- Also known as: Fifth Bunnyman
- Born: James Ralph Drake-Brockman 18 November 1955 Borneo
- Origin: Bristol, England
- Died: 1 September 2009 (aged 53) Isle of Man
- Instruments: Keyboards, guitar

= Jake Drake-Brockman =

British musician (1955–2009)

James Ralph "Jake" Drake-Brockman (18 November 1955 – 1 September 2009) was a Bristol-based English musician and sound recordist. Drake-Brockman was known to fans as "the fifth Bunnyman", as he had been associated with the Liverpool group Echo & the Bunnymen since the 1980s and became a full-time member, as keyboardist, in 1989, using the professional name Jake Brockman.

==Life==
James Ralph Drake-Brockman was born in Borneo in 1955. He studied at the Bristol Old Vic Theatre School. A keen musician, he formed BOM, a dance band, with fellow Bristol-based musician Damon Reece. Drake-Brockman toured with Echo & the Bunnymen for several years in the eighties, and played on their 1984 single "Seven Seas" and their 1987 Echo & the Bunnymen album. In 1989 he joined the band as a full-time member as keyboard player. He played on the 1990 album Reverberation.

From 2004 onwards, Drake-Brockman worked as a sound recordist, mainly for the BBC's Natural History Unit on several projects, including Last Chance to See, Coast and British Isles: A Natural History. During filming of Everest: Beyond the Limit, Drake-Brockman lost 18% of his body weight, a record among the crew members.

Drake-Brockman married photographer Sally A. Mundy in 2004. He maintained his interest in music, playing in the band The Hook 'Em Boys along with Sean Cook (Spiritualized, Lupine Howl), Alex Lee (Goldfrapp, Placebo), Damon Reece (Echo & the Bunnymen, Massive Attack) and John Baggot (Portishead, Massive Attack, Robert Plant).

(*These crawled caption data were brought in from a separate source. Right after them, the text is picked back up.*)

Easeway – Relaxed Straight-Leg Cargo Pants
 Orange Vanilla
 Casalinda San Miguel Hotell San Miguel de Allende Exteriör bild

Drake-Brockman was a classic motorcycle enthusiast, and died on the Isle of Man on 1 September 2009 while visiting the island for the Manx Grand Prix, when the BSA motorcycle he was riding was in collision with a converted ambulance. The inquest into his death was opened and adjourned on 10 September; the full inquest was delayed until police enquiries into the accident were completed. He was the second member of Echo and the Bunnymen to die as a result of a motorcycle accident, the band's original drummer, Pete de Freitas having died under similar circumstances 20 years earlier).

In November 2009, Cocteau Twins singer Elizabeth Fraser released her first solo single "Moses" as a tribute to Drake-Brockman, who had been a close friend.